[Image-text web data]
• • • •

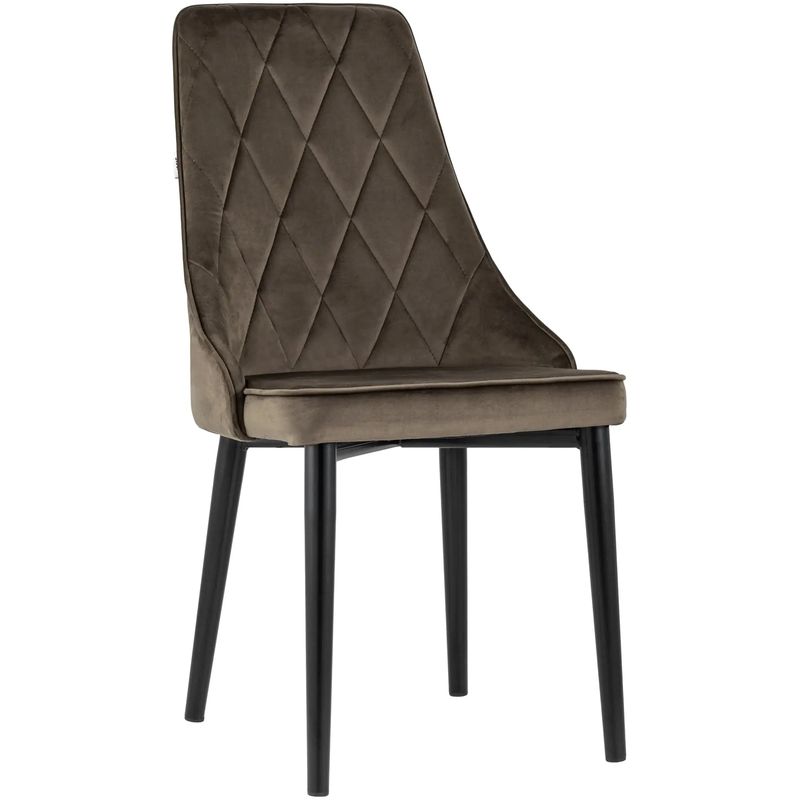 Стул Versailles Chair Коричневый Велюр Коричневый Черный Стул Versailles Chair Коричневый Велюр Коричневый Черный в Волгограде | Loft Concept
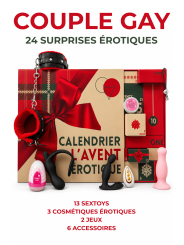 Calendrier de l’Avent érotique 24 surprises pour couple gay - 2026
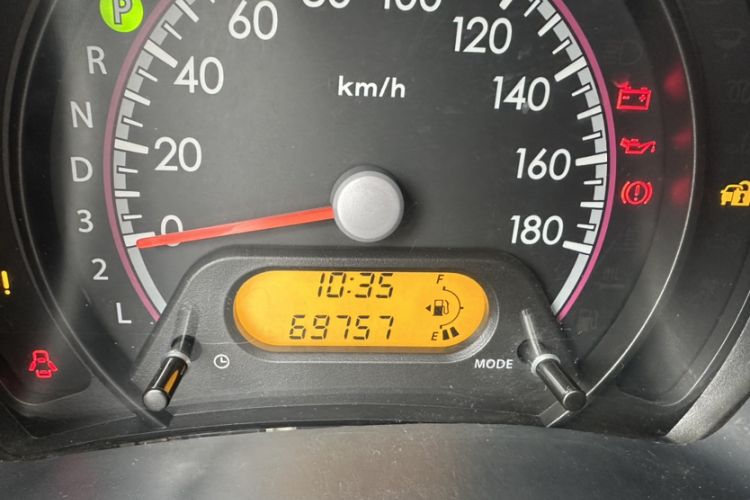 Used Suzuki Alto 2013 1.0L Automatic Luxury Model Odometer Close Up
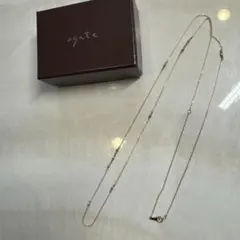 agete アガット　10k チェーンネックレス　80㎝のサムネイル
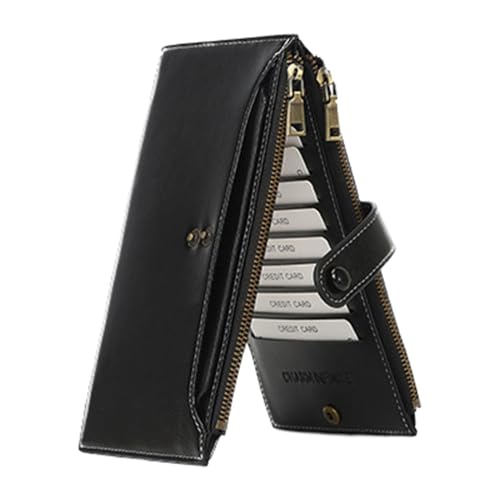 Card Holder Wallet, Women's Retro Purse, Large Capacity Wallet, Business Card Case, Multi Card Holder, Cell Phone Wallet 20 x 11 x 2.5 cm/7.87 x 4.33 x 0.98 Zoll Retro Style Wallet, Women's Card von Générique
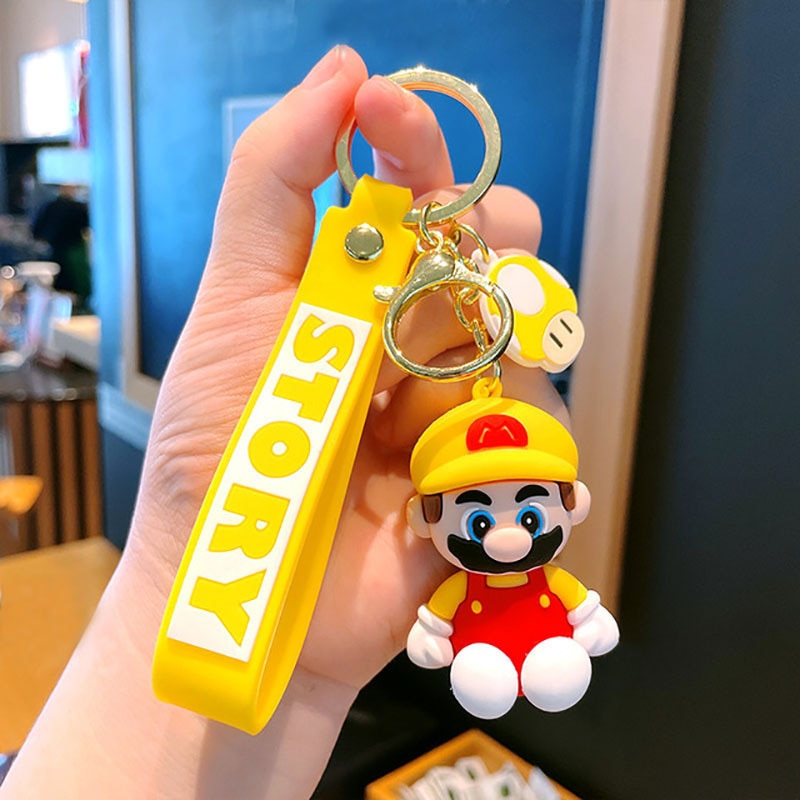 Mario Action Cute Keychain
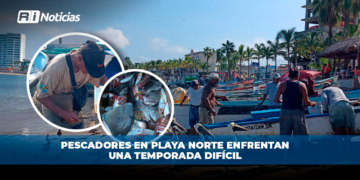 Pescadores en Playa Norte enfrentan una temporada difícil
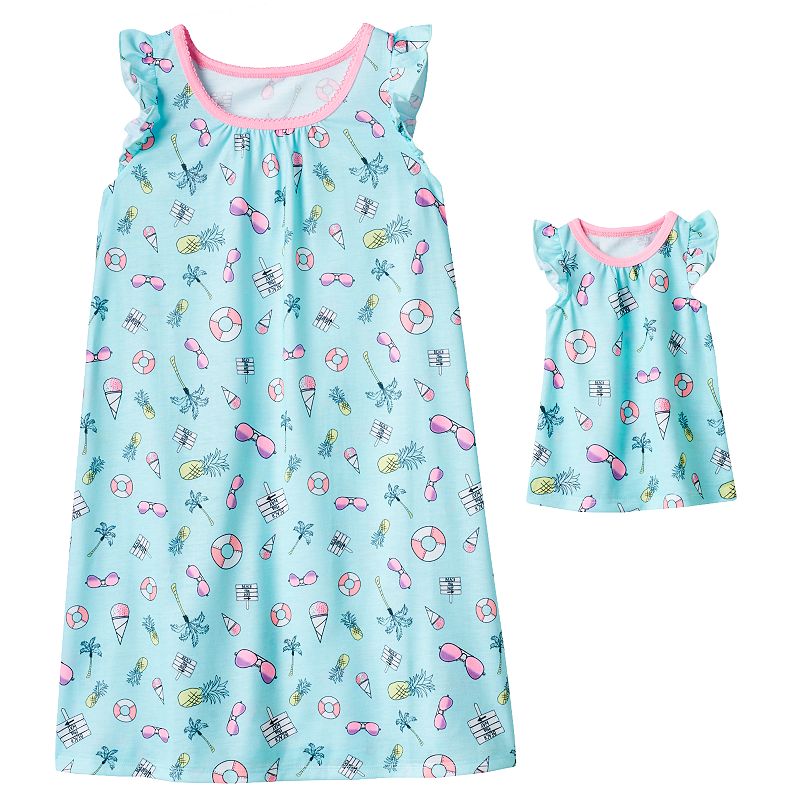 Girls Blue Short Sleeve Nightgown Kohl's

• • • •

ABOUT THIS TASK: Would you reproduce the lines from the one with "Used Suzuki Alto" through the final line of the data above, exactly and only those, without any pictures?

ANSWER SPACE:
 Used Suzuki Alto 2013 1.0L Automatic Luxury Model Odometer Close Up
 agete アガット　10k チェーンネックレス　80㎝のサムネイル
 Card Holder Wallet, Women's Retro Purse, Large Capacity Wallet, Business Card Case, Multi Card Holder, Cell Phone Wallet 20 x 11 x 2.5 cm/7.87 x 4.33 x 0.98 Zoll Retro Style Wallet, Women's Card von Générique
 Mario Action Cute Keychain
 Pescadores en Playa Norte enfrentan una temporada difícil
 Girls Blue Short Sleeve Nightgown Kohl's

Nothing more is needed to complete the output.